# best Forstner bits for salt and pepper mills



## Marker (Jul 1, 2012)

I am in need of some  Forstner bits for making some salt and pepper mills.  


   I need the 1 1/16"   and the 1 5/8"

   I saw some Maxicut bits on CSUSA's web site,   but they were out of stock.   

   Any use these Maxicut bits?     are they worth the extra money?

  What bits would you suggest to me, and were id the best place to get them?

    Thanks


----------



## EricJS (Jul 1, 2012)

I bought the Colt Maxi Cut bits from Amazon with the 270mm extension for peppermills. They are extremely sharp and make very accurate cuts. I'm very impressed with them.


----------



## TellicoTurning (Jul 1, 2012)

I go through Forstner's pretty regularly with my mills.... I use the ones sold at Woodcraft.. don't remember the brand name...but at about $10 each, I can use them until they get dull, sometimes touch them up on my 1" belt sander for a few more uses, then toss and replace... I don't use the 1 1/16 myself, but know that WC does carry them.


----------



## KenV (Jul 1, 2012)

Strongly suggest you avoid the high carbon steel version -- they are cheap, but when they get hot, the edges get softer and softer.....
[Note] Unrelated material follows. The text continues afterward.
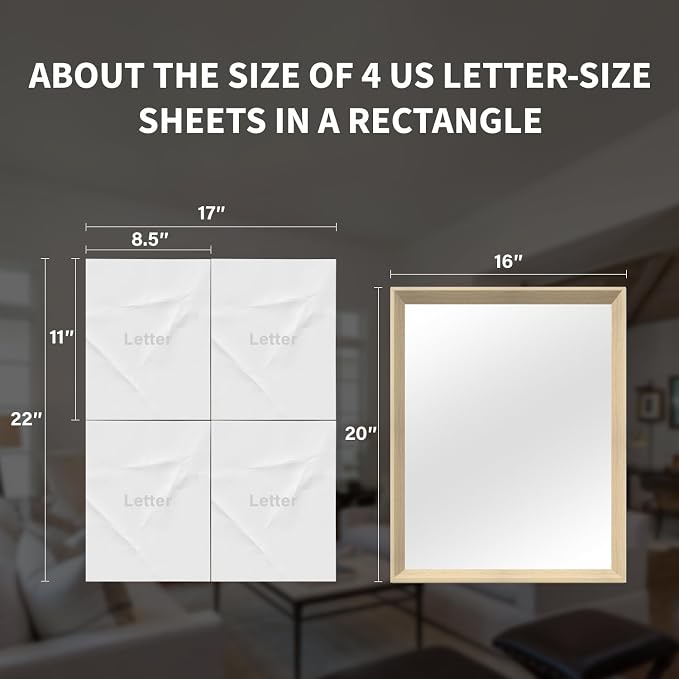 Oak Wood Effect Framed Wall Mirror, 16x20 Rectangle Mirror, - Image 4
High Speed Steel is durable and can be resharpened with diamond or cubic boron nitride slips.

Maxicut are awesome --  I think worth the price (at least to me).

They are available in a good range of sizes from internet suppliesr   Amazon has it today for a good price (expensive -- but less than list)


----------



## bitshird (Jul 1, 2012)

I do like Chuck I get the Woodriver I believe the name is, from Woodcraft. They can be sharpened, but are cheap enough about 10.00. The Colts are worth the money, particularly on the 1-1/16th since it gets a lot of use.


----------



## broitblat (Jul 1, 2012)

I've been real happy since I switched to using a carbide bit for the through hole.  I got one from Woodline USA - Carbide Forstner Bits, and it has held up very well for me.

  -Barry


----------



## bitshird (Jul 1, 2012)

broitblat said:


> I've been real happy since I switched to using a carbide bit for the through hole.  I got one from Woodline USA - Carbide Forstner Bits, and it has held up very well for me.
> 
> -Barry



Barry, that price is incredible for carbide.


----------



## Marker (Jul 1, 2012)

When I am making 6" mills out of a very hard type of wood.   Would it be a good idea to drill a pilot hole?  say with a 3/4"  metal bit?  
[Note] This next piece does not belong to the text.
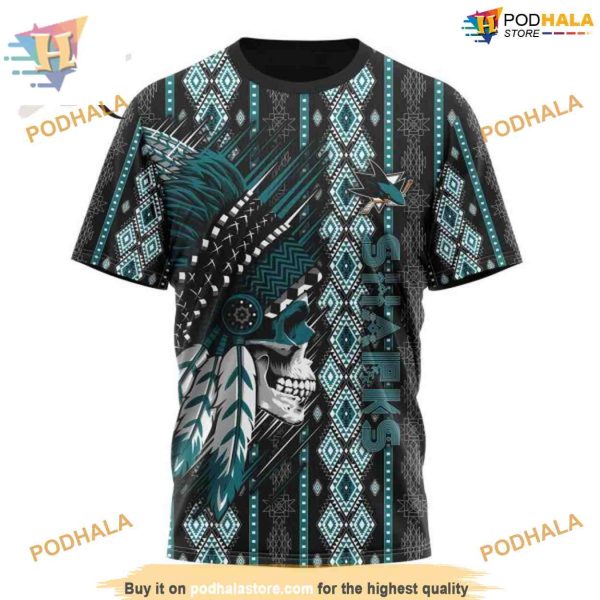 Custom NHL San Jose Sharks Hoodie 3D, Skull Native Design Shirt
  Would this make the Forstner bit last longer since it would have less to cut through?


----------



## KenV (Jul 1, 2012)

Chess_Master said:


> When I am making 6" mills out of a very hard type of wood.   Would it be a good idea to drill a pilot hole?  say with a 3/4"  metal bit?
> 
> Would this make the Forstner bit last longer since it would have less to cut through?
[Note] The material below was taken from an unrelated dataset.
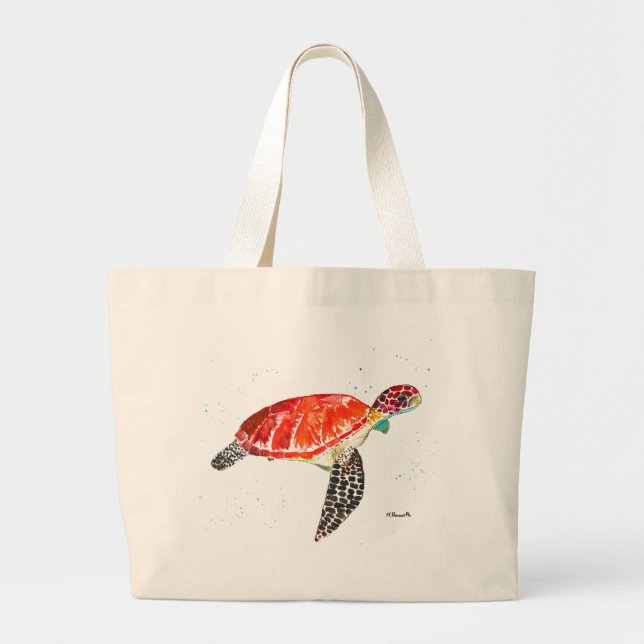 Bolso De Tela Gigante Tortuga marina Watercolor Beach (Frente)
Probably not worth the bother --

But if you do, the Forstner guide on the outside rim and you should start with the full size forstner to set the guide, then drill out the center, and come back with the forstner.

As a general rule - start big with forstner and work down.


----------



## Rick_G (Jul 1, 2012)

I got the 1 1/16 maxi cut from Lee Valley along with the extender.  As I replace the bits in my regular set it will very likely be with these.


----------



## Marker (Jul 8, 2012)

Thanks everyone for your help.


   I ended up ordering a 1 1/16" maxicut from amazon.   Also I ordered both a 1 1/16" and a 1 5/8"  of the cheap type from Csusa.

   I plan on comparing them.


----------



## Marker (Jul 8, 2012)

TellicoTurning said:


> I go through Forstner's pretty regularly with my mills.... I use the ones sold at Woodcraft.. don't remember the brand name...but at about $10 each, I can use them until they get dull, sometimes touch them up on my 1" belt sander for a few more uses, then toss and replace... I don't use the 1 1/16 myself, but know that WC does carry them.





   About how many blanks would you say you drill, before replacing them?

   Thanks


----------



## TellicoTurning (Jul 8, 2012)

bitshird said:


> broitblat said:
> 
> 
> > I've been real happy since I switched to using a carbide bit for the through hole.  I got one from Woodline USA - Carbide Forstner Bits, and it has held up very well for me.
> ...




Those are good prices... may have to look into that when I replace current bits...


----------



## TellicoTurning (Jul 8, 2012)

Chess_Master said:


> TellicoTurning said:
> 
> 
> > I go through Forstner's pretty regularly with my mills.... I use the ones sold at Woodcraft.. don't remember the brand name...but at about $10 each, I can use them until they get dull, sometimes touch them up on my 1" belt sander for a few more uses, then toss and replace... I don't use the 1 1/16 myself, but know that WC does carry them.
> ...



It would be hard to say, probably depends on what types of woods I've been drilling... the harder woods of course take a harder toll on the bit's edges...  when the bits start to burn the edge of the holes, I start looking at new bits... I do touch up the larger bits on my belt sander to get a few more cuts from them.... if I had to put a number on them, I would guess I do a couple of dozen blanks before I change the bits. 

You asked a question about pilot holes.... I've tried both methods and haven't found a great deal of advantage with pilot holes.... as said, the bits start on the out edge of the hole and cut with the blade part as you advance... obviously the less the blade has to cut, the smoother it will go, but the bit also follows the center tip for alignment and with a pilot hole there isn't a center point for the alignment... cutting a starter hold with the bit in question will aid in the guidance...  I did some dried oak burls recently and the only way I could go was with the pilot holes... I actually had to drill in multiple steps, working up to the final size of the hole... that was some HARD wood.... but made a beautiful mill.


----------